Stored items from a collection:
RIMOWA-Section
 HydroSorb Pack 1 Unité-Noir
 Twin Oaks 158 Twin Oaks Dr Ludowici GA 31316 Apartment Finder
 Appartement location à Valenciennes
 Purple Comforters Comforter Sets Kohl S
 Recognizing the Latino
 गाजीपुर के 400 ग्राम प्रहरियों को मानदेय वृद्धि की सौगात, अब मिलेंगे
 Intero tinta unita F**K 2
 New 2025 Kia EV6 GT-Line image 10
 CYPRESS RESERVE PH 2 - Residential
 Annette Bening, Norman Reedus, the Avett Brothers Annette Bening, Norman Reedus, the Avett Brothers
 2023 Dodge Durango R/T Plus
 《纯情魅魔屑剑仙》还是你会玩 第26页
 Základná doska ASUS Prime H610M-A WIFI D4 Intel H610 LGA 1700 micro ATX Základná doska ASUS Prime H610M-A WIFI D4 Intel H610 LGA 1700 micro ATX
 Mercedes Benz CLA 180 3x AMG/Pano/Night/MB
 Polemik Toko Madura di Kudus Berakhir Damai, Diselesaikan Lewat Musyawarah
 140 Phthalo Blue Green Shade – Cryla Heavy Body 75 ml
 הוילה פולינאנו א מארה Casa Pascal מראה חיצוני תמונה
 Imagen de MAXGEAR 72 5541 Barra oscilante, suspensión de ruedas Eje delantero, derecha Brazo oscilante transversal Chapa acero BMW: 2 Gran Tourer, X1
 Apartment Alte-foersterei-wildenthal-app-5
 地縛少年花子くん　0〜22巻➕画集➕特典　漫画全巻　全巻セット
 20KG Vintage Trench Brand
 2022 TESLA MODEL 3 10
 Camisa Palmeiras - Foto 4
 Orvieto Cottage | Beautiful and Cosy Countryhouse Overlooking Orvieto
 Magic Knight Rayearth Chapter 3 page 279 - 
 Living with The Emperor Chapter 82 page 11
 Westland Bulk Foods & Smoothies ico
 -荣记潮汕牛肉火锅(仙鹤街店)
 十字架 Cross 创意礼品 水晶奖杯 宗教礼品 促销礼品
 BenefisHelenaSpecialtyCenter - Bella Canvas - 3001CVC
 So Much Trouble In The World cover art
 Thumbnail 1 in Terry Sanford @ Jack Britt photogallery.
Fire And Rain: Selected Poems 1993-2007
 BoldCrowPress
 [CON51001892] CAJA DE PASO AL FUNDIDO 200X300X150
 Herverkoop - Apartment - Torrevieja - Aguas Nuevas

Problem statement: Your answer must be the lines from the one containing "-荣记潮汕牛肉火锅(仙鹤街店)" to the last line of the entries, repeated exactly and with nothing else.

Written solution:
 -荣记潮汕牛肉火锅(仙鹤街店)
 十字架 Cross 创意礼品 水晶奖杯 宗教礼品 促销礼品
 BenefisHelenaSpecialtyCenter - Bella Canvas - 3001CVC
 So Much Trouble In The World cover art
 Thumbnail 1 in Terry Sanford @ Jack Britt photogallery.
Fire And Rain: Selected Poems 1993-2007
 BoldCrowPress
 [CON51001892] CAJA DE PASO AL FUNDIDO 200X300X150
 Herverkoop - Apartment - Torrevieja - Aguas Nuevas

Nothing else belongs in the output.